**Material shown:**
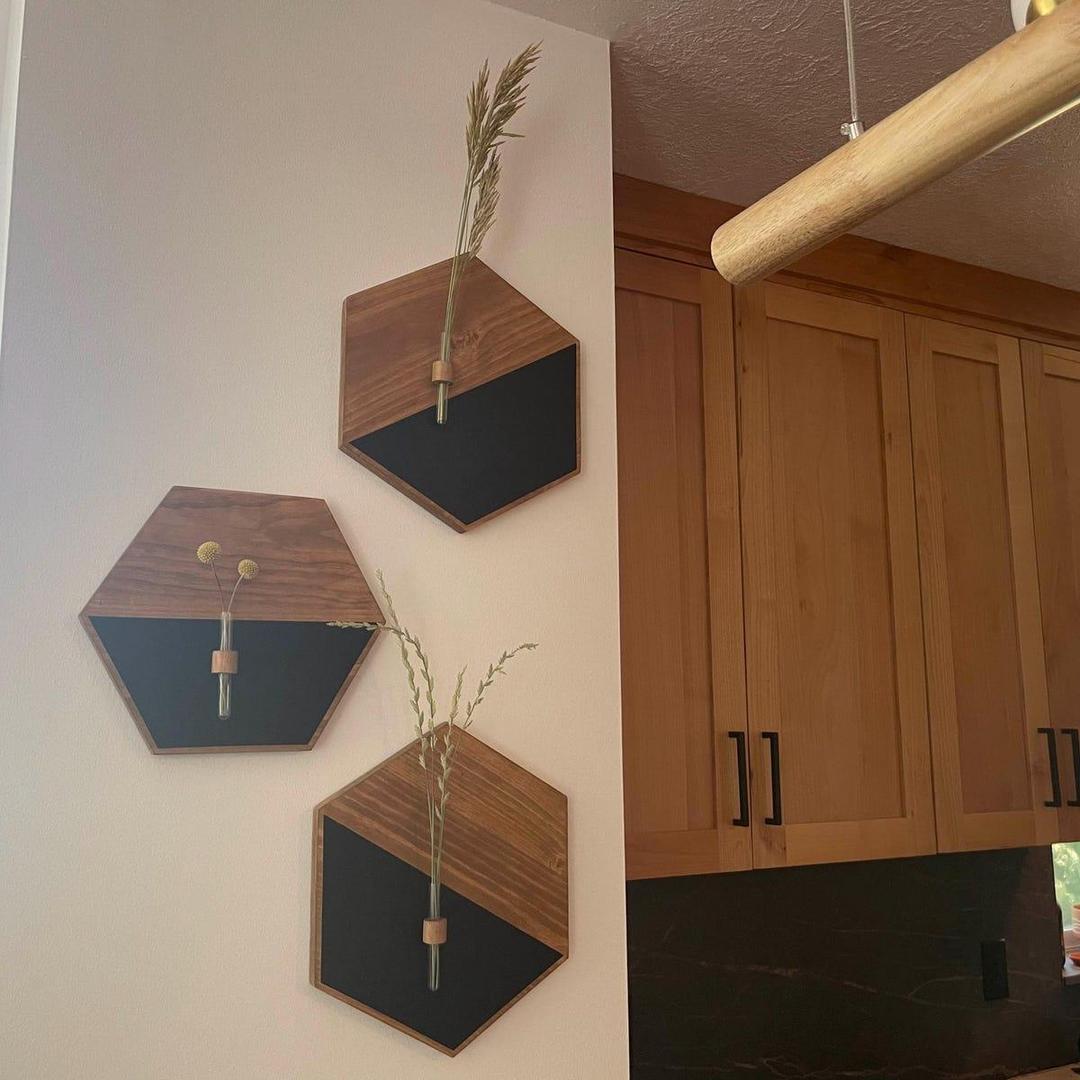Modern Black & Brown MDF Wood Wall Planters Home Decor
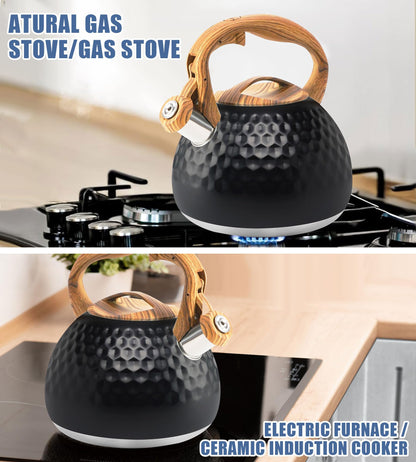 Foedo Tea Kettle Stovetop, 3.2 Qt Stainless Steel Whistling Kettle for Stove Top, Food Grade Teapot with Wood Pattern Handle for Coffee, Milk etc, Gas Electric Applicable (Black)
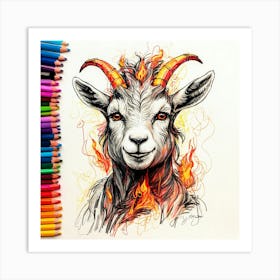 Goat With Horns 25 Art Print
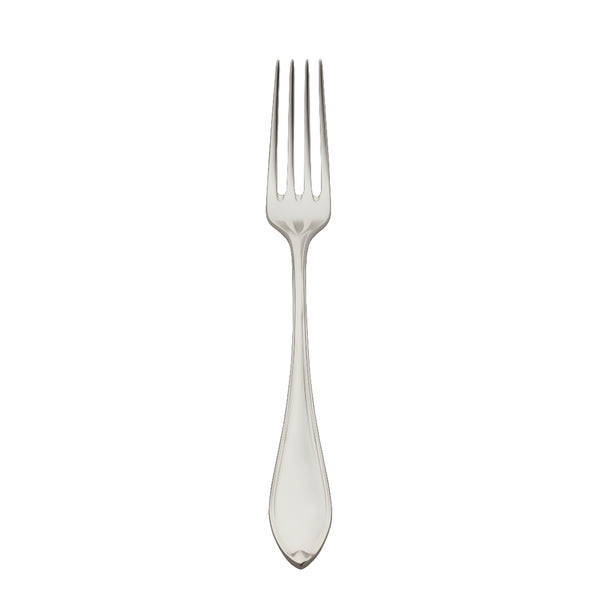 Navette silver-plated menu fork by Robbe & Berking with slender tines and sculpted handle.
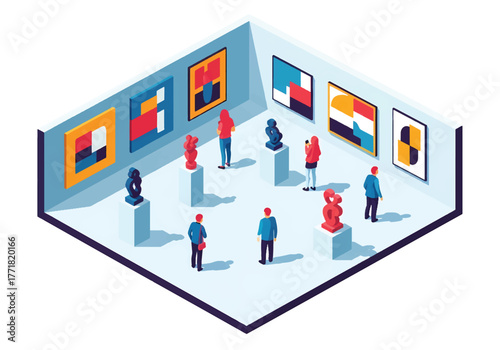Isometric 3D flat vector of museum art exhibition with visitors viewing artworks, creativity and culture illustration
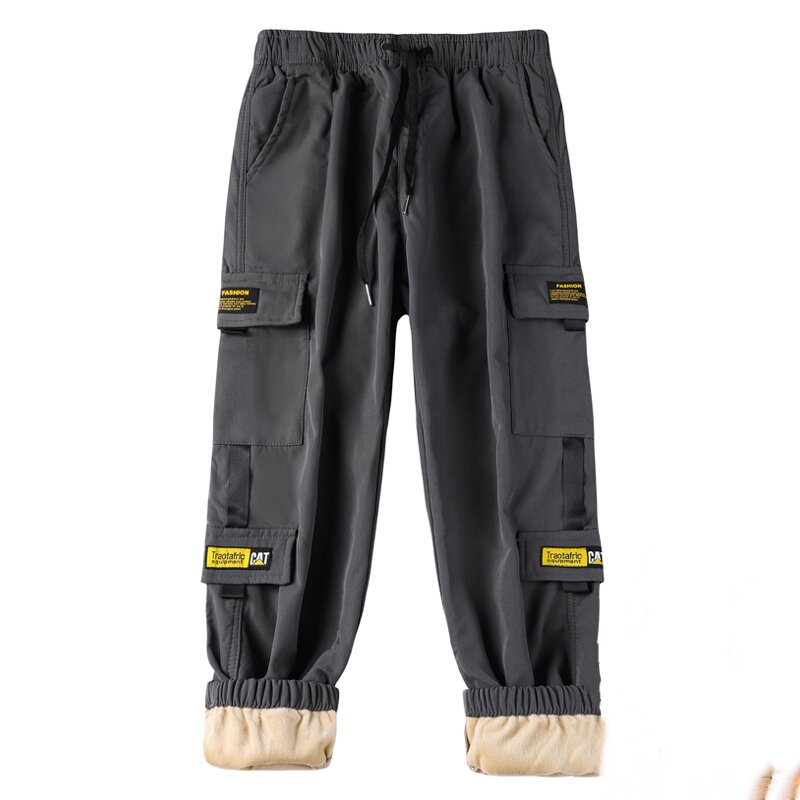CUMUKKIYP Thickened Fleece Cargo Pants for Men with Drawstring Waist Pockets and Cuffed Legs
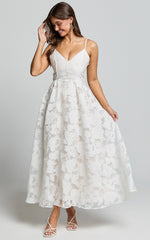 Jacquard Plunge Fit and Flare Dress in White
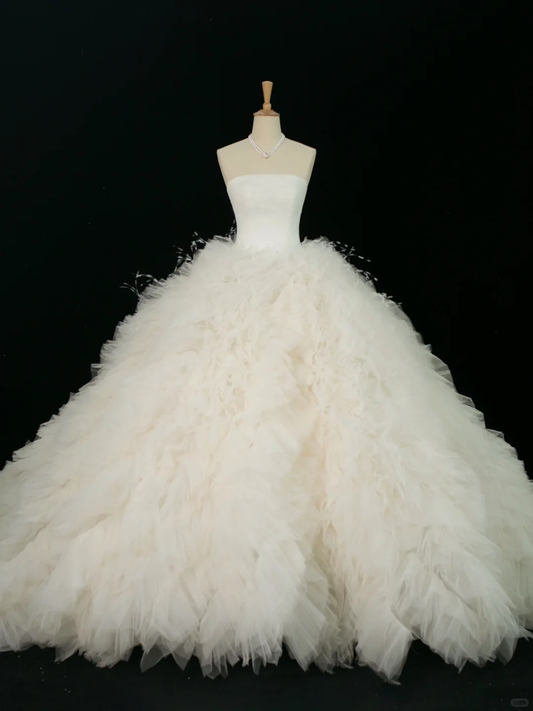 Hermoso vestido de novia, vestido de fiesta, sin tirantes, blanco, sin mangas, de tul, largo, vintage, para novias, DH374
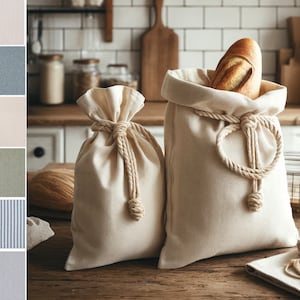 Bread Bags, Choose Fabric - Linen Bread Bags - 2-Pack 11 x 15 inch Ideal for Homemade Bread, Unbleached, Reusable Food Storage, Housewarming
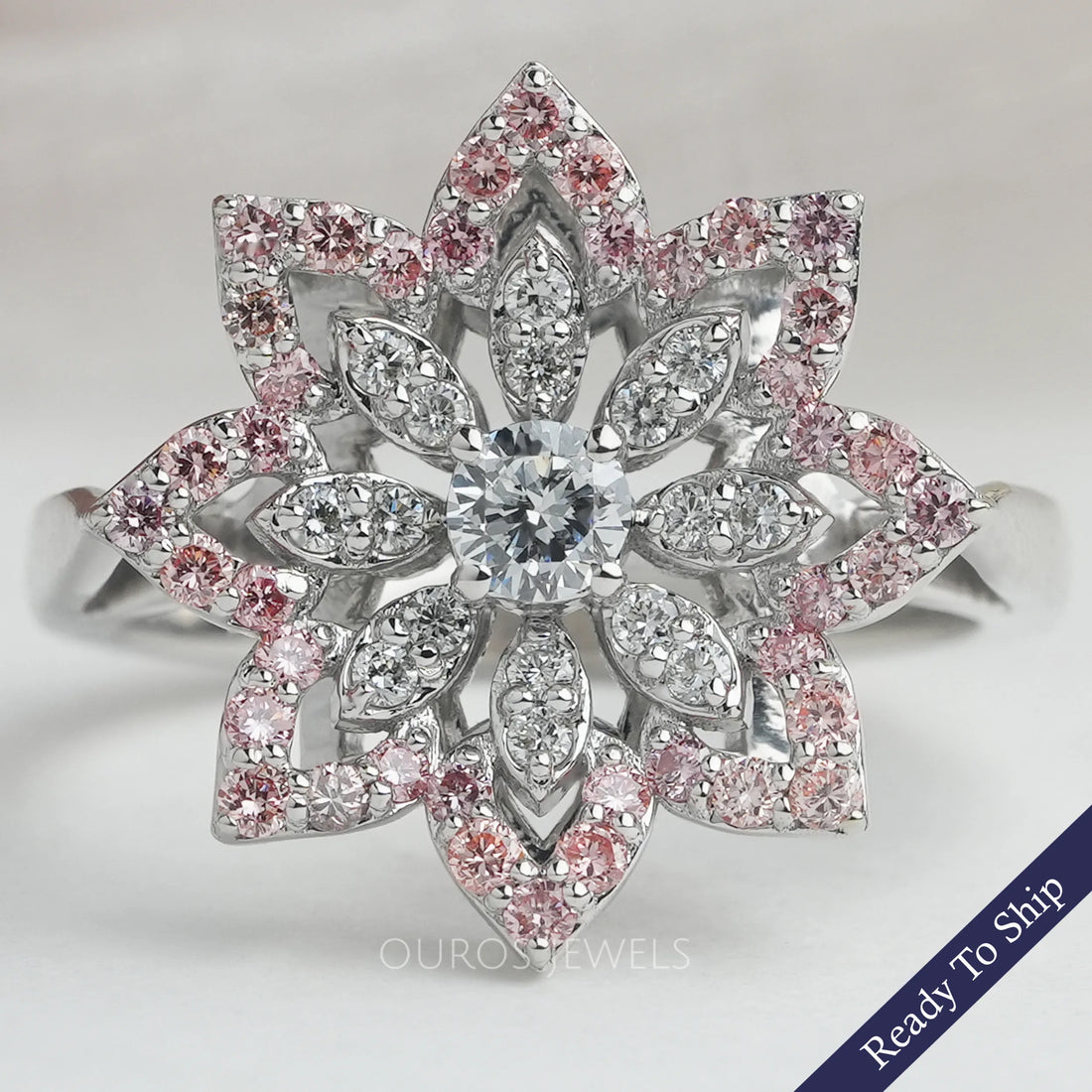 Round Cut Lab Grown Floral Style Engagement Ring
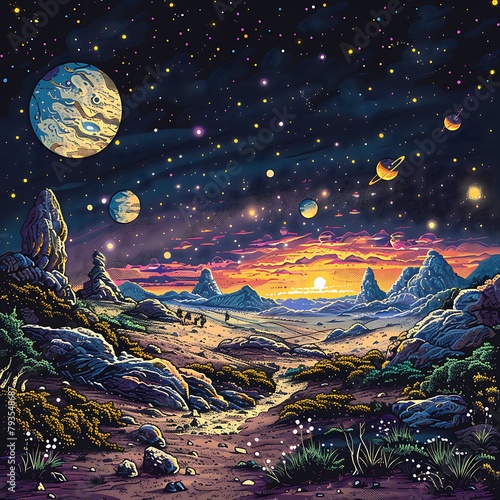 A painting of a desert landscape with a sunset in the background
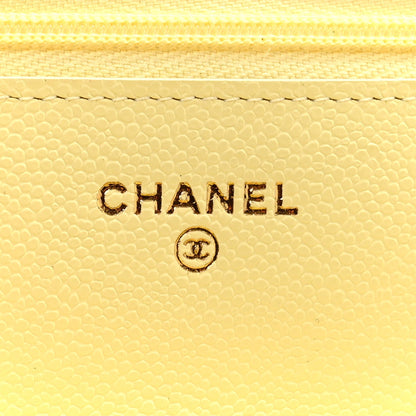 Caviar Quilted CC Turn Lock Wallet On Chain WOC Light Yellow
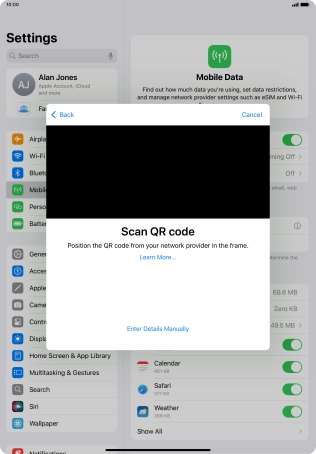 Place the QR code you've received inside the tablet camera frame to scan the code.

**What needs to be done:**
Give the entries above again exactly, minus their pictures.

**Response to this task:**
Modern Black & Brown MDF Wood Wall Planters Home Decor
 Foedo Tea Kettle Stovetop, 3.2 Qt Stainless Steel Whistling Kettle for Stove Top, Food Grade Teapot with Wood Pattern Handle for Coffee, Milk etc, Gas Electric Applicable (Black)
 Goat With Horns 25 Art Print
 Navette silver-plated menu fork by Robbe & Berking with slender tines and sculpted handle.
Isometric 3D flat vector of museum art exhibition with visitors viewing artworks, creativity and culture illustration
CUMUKKIYP Thickened Fleece Cargo Pants for Men with Drawstring Waist Pockets and Cuffed Legs
 Jacquard Plunge Fit and Flare Dress in White
 Hermoso vestido de novia, vestido de fiesta, sin tirantes, blanco, sin mangas, de tul, largo, vintage, para novias, DH374
 Bread Bags, Choose Fabric - Linen Bread Bags - 2-Pack 11 x 15 inch Ideal for Homemade Bread, Unbleached, Reusable Food Storage, Housewarming
 Round Cut Lab Grown Floral Style Engagement Ring
 A painting of a desert landscape with a sunset in the background
 Caviar Quilted CC Turn Lock Wallet On Chain WOC Light Yellow
 Place the QR code you've received inside the tablet camera frame to scan the code.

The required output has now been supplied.